Нет. Вот он, след. Темной цепочкой по снегу белому. Тут я вчера о валежник спотыкался? Или не тут?

Я уже падать собрался – и вдруг лай собачий услышал.

– Эй! – что есть силы закричал, и бор эхом отозвался. – Здесь мы! Сюда! Э-э-эй! Ау!

Точно. Собака бежит. В ухо мне языком. Как же она до уха-то достала?

Понял.

Не трудно достать, коли мы на снегу лежим. Не заметил, как упал. Как там Ольга?

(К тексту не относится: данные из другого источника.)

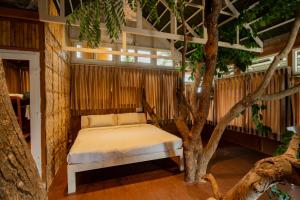een bed in een kamer naast een boom bij Habba Dates Villa Near Chikkaballapur in Bāgepalli +95 foto's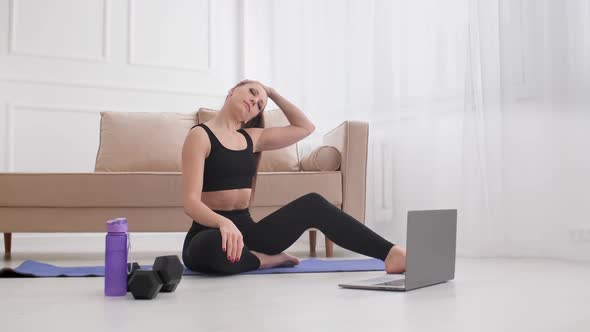 Young Brunette Warming Up While Watching Fitness Video Online at Home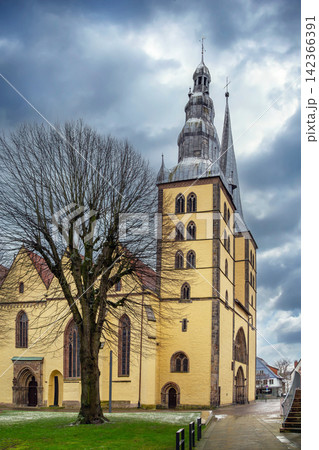 Side view of St Nicholas church in Lemgo, Germany. Winter afternoon cloudy overcast sky 142366391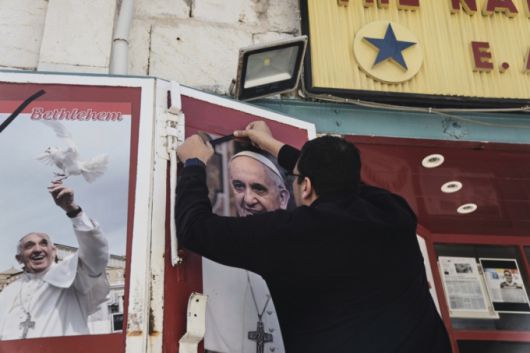 프란치스코 교황이 선종한 21일 팔레스타인 서안지구 베들레헴에서 한 상점 주인이 프란치스코 교황의 사진에 검은 리본을 달고 있다. /AP=뉴시스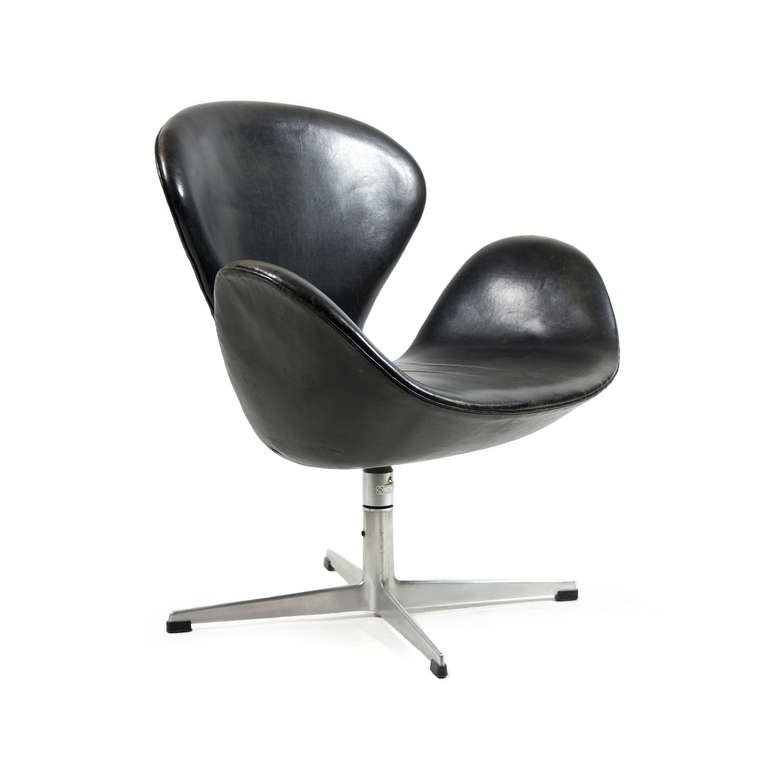 A swan chair designed by Arne Jacobsen upholstered with original black-dyed natural leather.  
This model has tilt-function which is rarely seen in these first editions.  Rich patinated black-brown leather in fine condition.  

Manufactured by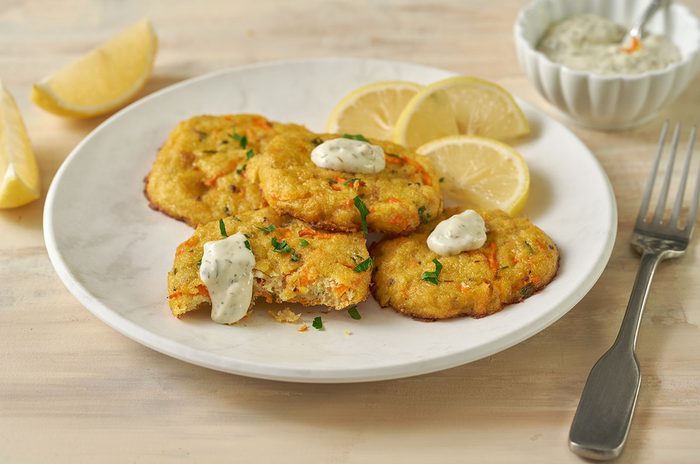 Close-up horizontal shot of the Taste of Home Baked Crab Cakes, highlighting the golden crust and tender crabmeat inside each cake.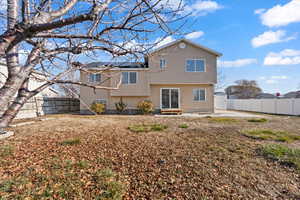 Back of house with a patio area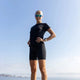 En person står udendørs i en LiiteGuard Ground-Tech T-shirt, Dame, Black, sammen med shorts og reflekterende solbriller. Den lyse himmel og den fjerne kystlinje skaber en naturskøn baggrund.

Не ушиблась ли?

А она мне:

– Ты забудь о том, что меж нами ночью было. – И снова застонала.

А что было?

Я и не помню уже.

Догнала меня горячка. Настигла. Зубами вострыми вцепилась, как лиса в полевку. Сглотнула – и нет меня. В жару да в бреду растворился. Явь с Навью перепутал. День светлый с темной ночью в сумрак серый превратились. И несло меня по этому сумраку, на волнах качало, то вверх к небесам вздымало, то вниз в бездну отбрасывало.

И не вспомнить теперь, как нашли нас. Как в Киев доставили. Знаю только, что меня за побег неудачный никто не корил. То ли не поняли, как я вдруг у той речушки оказался, то ли поняли, но виду не подали. Мол, княгиню от смерти спас, а как и что там у них случилось – не важно уже. А может, Ольга меня от кары уберегла? Она мне про то никогда не рассказывала. Да и не до того нам потом было. Не до того.


6 декабря 947 г.

Разрывало меня от простуды. Кашель душил. В грудь точно кол осиновый вбили, да с крюками железными, и тянут за него – меня наизнанку распростать хотят. И душа наружу вот-вот выпрыгнет да по округе плясать пойдет. И вприсядку пустится, и с подвыподвертом, и с коленцами всякими. То ли воле радоваться будет, то ли по телу моему горевать. Жаром жгло. От жара вздор в голову лез. Чушь всякая грезилась. То Красун ко мне приходил. Все корил, что варяжку спас, а его не пожалел. То Свенельд надо мной смеялся. Подначивал.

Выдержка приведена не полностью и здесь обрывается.